East Atlanta Bank v. Nicholson

63 S.E.2d 699, 83 Ga. App. 557, 1951 Ga. App. LEXIS 906
CourtCourt of Appeals of Georgia
DecidedMarch 1, 1951
Docket33250
StatusPublished
Cited by6 cases

This text of 63 S.E.2d 699 (East Atlanta Bank v. Nicholson) is published on Counsel Stack Legal Research, covering Court of Appeals of Georgia primary law. Counsel Stack provides free access to over 12 million legal documents including statutes, case law, regulations, and constitutions.

Bluebook
East Atlanta Bank v. Nicholson, 63 S.E.2d 699, 83 Ga. App. 557, 1951 Ga. App. LEXIS 906 (Ga. Ct. App. 1951).

Opinion

MacIntyre, P. J.

The jury was authorized to find that the defendant left three automobiles in the possession of Waters, a used-car dealer, under an agreement that the .dealer and the defendant would, upon the sale of the automobiles, divide the profits; that the defendant is the true owner of the automobiles; that the used-car dealer, instead of selling the automobiles, executed a bill of sale to each of the automobiles in favor of the plaintiff bank to secure loans made by the bank to the dealer; that the plaintiff bank made the loans to the used-car dealer solely upon the representation of the dealer that he owned and was in possession of the automobiles and the officials of the bank making the loan had never seen the automobiles in question in the dealer’s possession prior to making the loans; that the plaintiff bank made no investigation whatsoever of the dealer’s title to the automobiles, and placed no reliance upon the dealer’s apparent authority, indicia of title, possession, or upon any evidence of the right of selling the automobiles as, according to the custom of trade or the common understanding of the world, usually accompanies the authority of disposal. The jury was further authorized to find that the defendant had done nothing to mislead or deceive the plaintiff to make the loans to Waters.

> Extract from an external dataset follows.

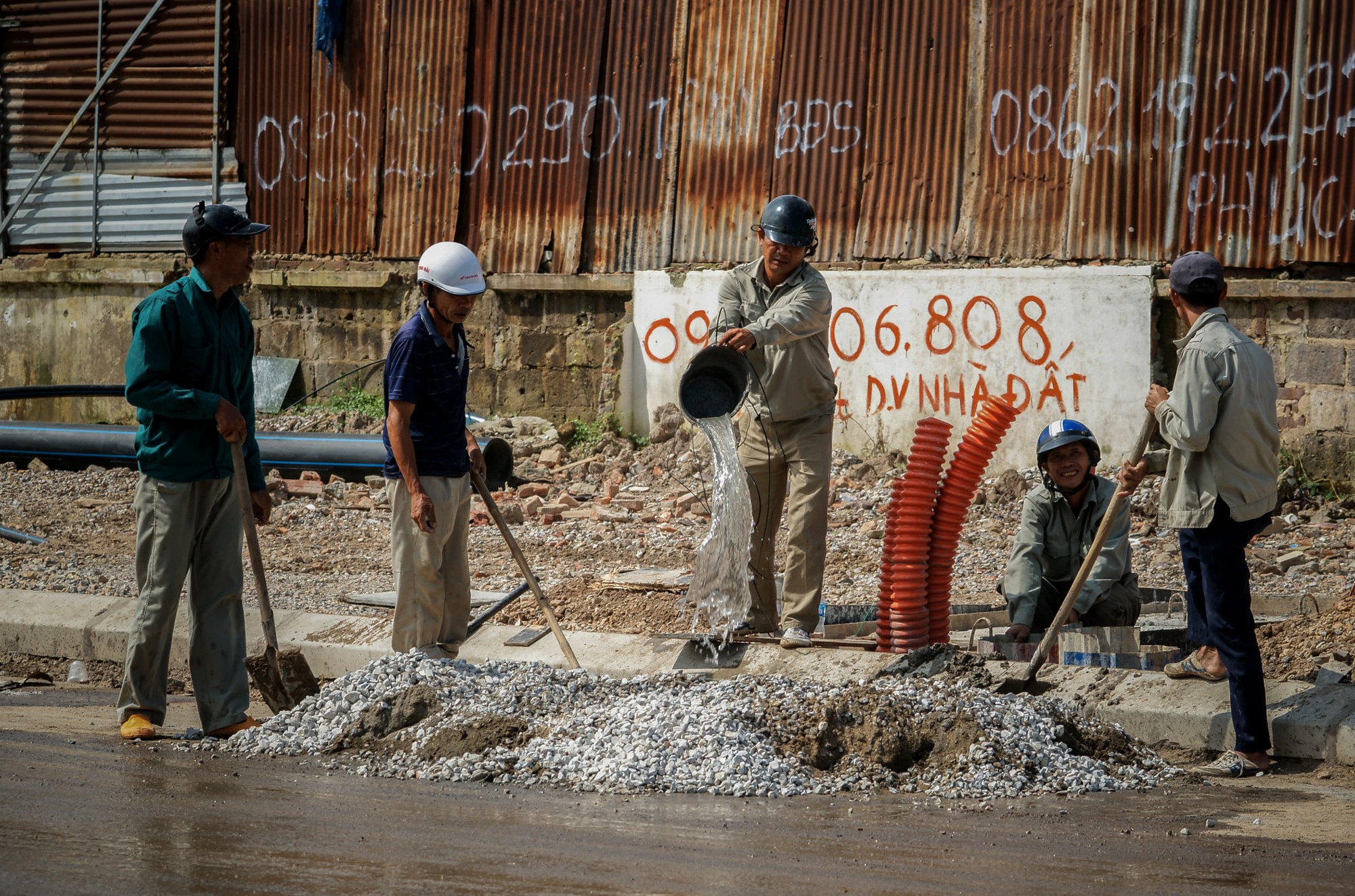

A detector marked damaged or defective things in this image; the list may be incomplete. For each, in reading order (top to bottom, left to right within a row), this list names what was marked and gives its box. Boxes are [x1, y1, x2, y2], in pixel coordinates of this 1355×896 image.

rusty corrugated metal wall [5, 0, 1350, 265]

Under this state of facts, which the jury was authorized to find existed, the defendant was not estopped by the provisions of Code § 37-113 from asserting his title to the automobiles, nor is the defendant'divested of his title to the automobiles by. virtue of the provisions of Code § 96-207. The defendant did nothing to mislead or deceive the plaintiff to make the loans to Waters. The plaintiff relied upon nothing except Waters’ word in making the loans. The defendant conferred no power upon Waters which was used to inflict the injury upon the plaintiff. *561 The evidence, therefore, authorized the verdict. There is nothing in Commercial Bank v. Armsby, 120 Ga. 74 (47 S. E. 589); Willingham v. McGuffie, 18 Ga. App. 658 (90 S. E. 356), Blount v. Bainbridge, 79 Ga. App. 99 (53 S. E. 2d, 122), or Commercial Credit Corp. v. Citizens & Southern National Bank, 68 Ga. App. 393 (23 S. E. 2d, 198), contrary to what is here held.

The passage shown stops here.